_INFORMATION GIVEN:_
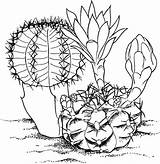 Cactus Coloring Pages Flower Desert Big Plants Animals Print Printable Getcolorings Button Through Getdrawings Color Grab Easy Also Kids Size sketch template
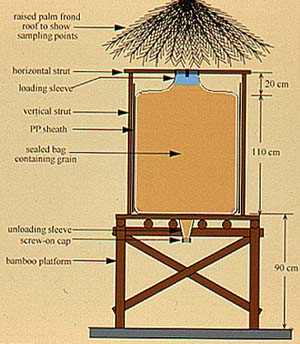 Plan of granary
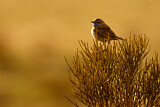 Image. Blaukehlchen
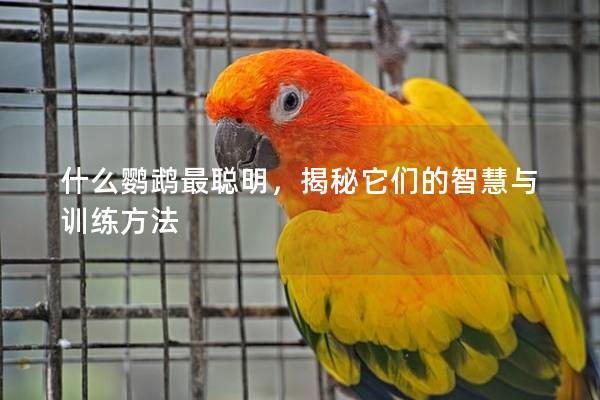 什么鹦鹉最聪明，揭秘它们的智慧与训练方法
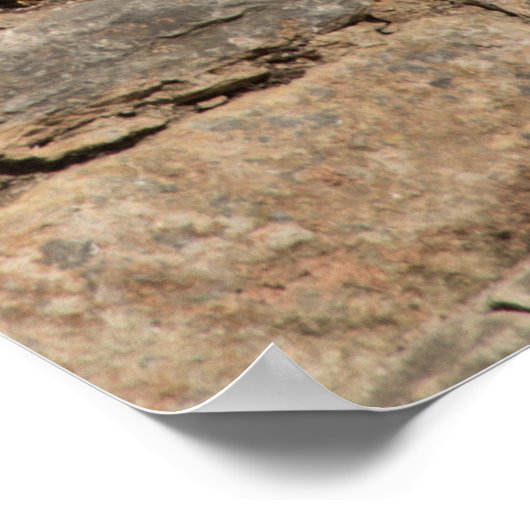 Library Of Ephesus Ruins ポスター (角)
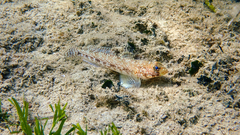 Gobius geniporus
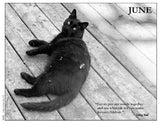 Black cat lying on a sunny wooden deck with a quote attributed to Sitting Bull.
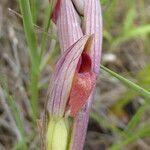 Serapias parviflora 花
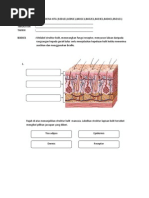 Contoh Resit Rasmi Contoh Resit Rasmi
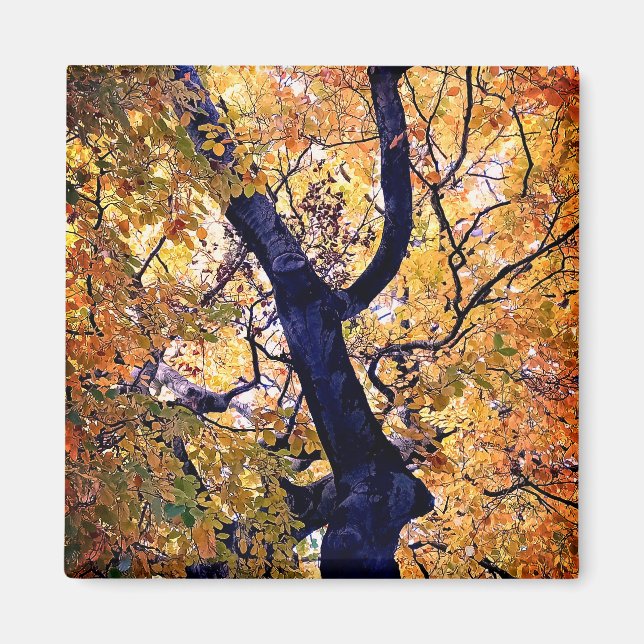 Yellow and orange leaves magnet (Front)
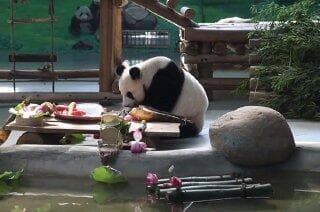 מזל טוב לפנדה (צילום: רויטרס) מזל טוב לפנדה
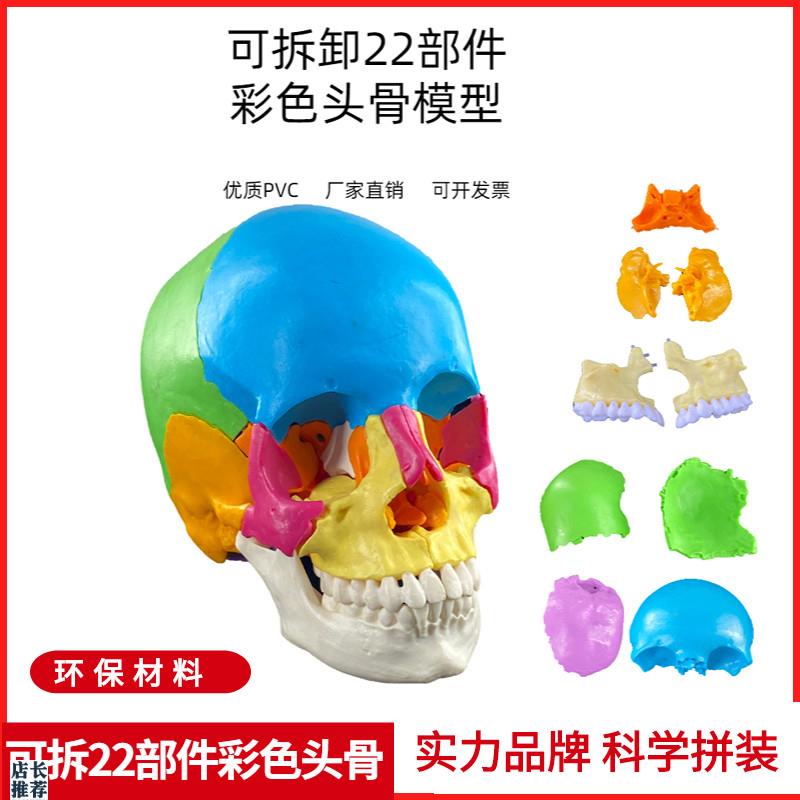 可拆分22件1比1真人大小彩色头骨模型颅L骨解剖医用美容口腔牙科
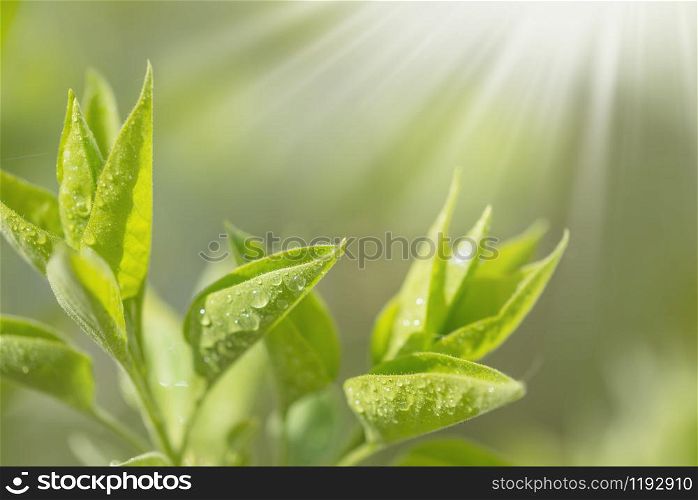 Fresh young green leaves of tree twig growing in spring covered with dew drops and sun rays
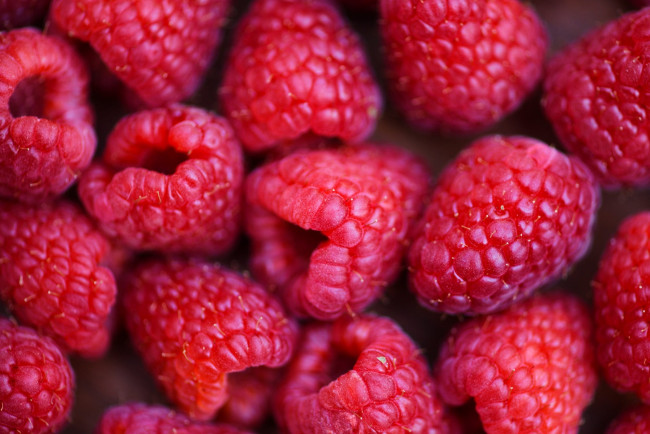 Обои картинки фото еда, малина, спелая, ягоды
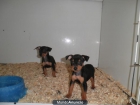 pincher mini con pedigree en Madrid - mejor precio | unprecio.es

_TASK OBJECTIVE:_ Everything in the material except the pictures should be restated word for word.

_EXERCISE RESULT:_
 Cactus Coloring Pages Flower Desert Big Plants Animals Print Printable Getcolorings Button Through Getdrawings Color Grab Easy Also Kids Size sketch template
 Plan of granary
 Image. Blaukehlchen
 什么鹦鹉最聪明，揭秘它们的智慧与训练方法
 Library Of Ephesus Ruins ポスター (角)
 Gobius geniporus
 Black cat lying on a sunny wooden deck with a quote attributed to Sitting Bull.
 Serapias parviflora 花
 Contoh Resit Rasmi Contoh Resit Rasmi
 Yellow and orange leaves magnet (Front)
 מזל טוב לפנדה (צילום: רויטרס) מזל טוב לפנדה
 可拆分22件1比1真人大小彩色头骨模型颅L骨解剖医用美容口腔牙科
 Fresh young green leaves of tree twig growing in spring covered with dew drops and sun rays
 Обои картинки фото еда, малина, спелая, ягоды
 pincher mini con pedigree en Madrid - mejor precio | unprecio.es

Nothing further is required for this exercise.